Halfway through the seven magical and impossible-to-put-down Harry Potter books (I’d spend hours locked in the bathroom, my favorite reading place, ripping through these things multiple times), I decided to see the first film in the theater: all was ruined. Hagrid was much shorter than I envisioned, the headmaster more twinkly eyed, and Professor McGonagall not Maggie Smith. No offense, Dame Smith. You were fantastic in Hook.

Also, let’s make this happen.

Recently, it’s been all I can do to refrain from watching Game of Thrones. Having finished the first book, I’d be safe watching the first season, but, as with the otherwise exceptional Harry Potter films, I’d lose all the imagery and character development I ascertained from the books. Although they did capture Snape EXACTLY as I had pictured in my mind.

This September, those who fear films shattering their carefully constructed characters (unavoidable alliteration, sorry), including myself, will have to make the decision when Bill Bryson’s A Walk in the Woods goes to the screen.

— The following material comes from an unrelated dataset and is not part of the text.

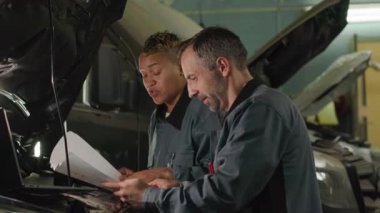 Two diverse male and female mechanics looking at blueprint while inspecting camper van standing under its hood in car service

Robert Redford will play Bryson, while (and more believable in my opinion, though I’m hoping to be proven wrong) Bryson’s kvetching hiking companion, Stephen Katz, will be played by Nick Nolte. The storyline has the pair attempting to hike the 2,200-mile Appalachian Trail cutting northeast from Georgia to Maine.

Bryson’s short travelogue is compactly packed as always with the more interesting historical and intriguing tidbits about the Trail and the small towns in its path.

What sets A Walk in the Woods apart from Bryson’s other books, such as At Home and The Mother Tongue, is its attempt (and success, I think) at capturing the dynamic between Bryson and Katz as well as the whole idea of travel and everything that come with it: dreadful wrong turns upturning an itinerary (like missing a destination by a half a mile and ending up hiking nonstop for nine hours), heart-palpitating dangerous situations, dashed hopes and failures, mental fatigue (“I’m finally here and I should look around, but I really just want to hole up in a comfy hotel room with a tv”), mind battles (“Why am I doing this again?”), and the mixed feelings of accomplishment (“I’m gonna do this again next year!”).

Which may adversely leading to some adopting the Bernard Black philosophy on life.

Which may adversely lead to some adopting the Bernard Black philosophy on life.

The book (and fingers crossed for the movie) shows the complicated and wonderful notion of travelling, of going out into the unknown and, afterwards, hopefully having a story – good or bad – to tell. If anything, it really shows how difficult it is to find a decent travel partner.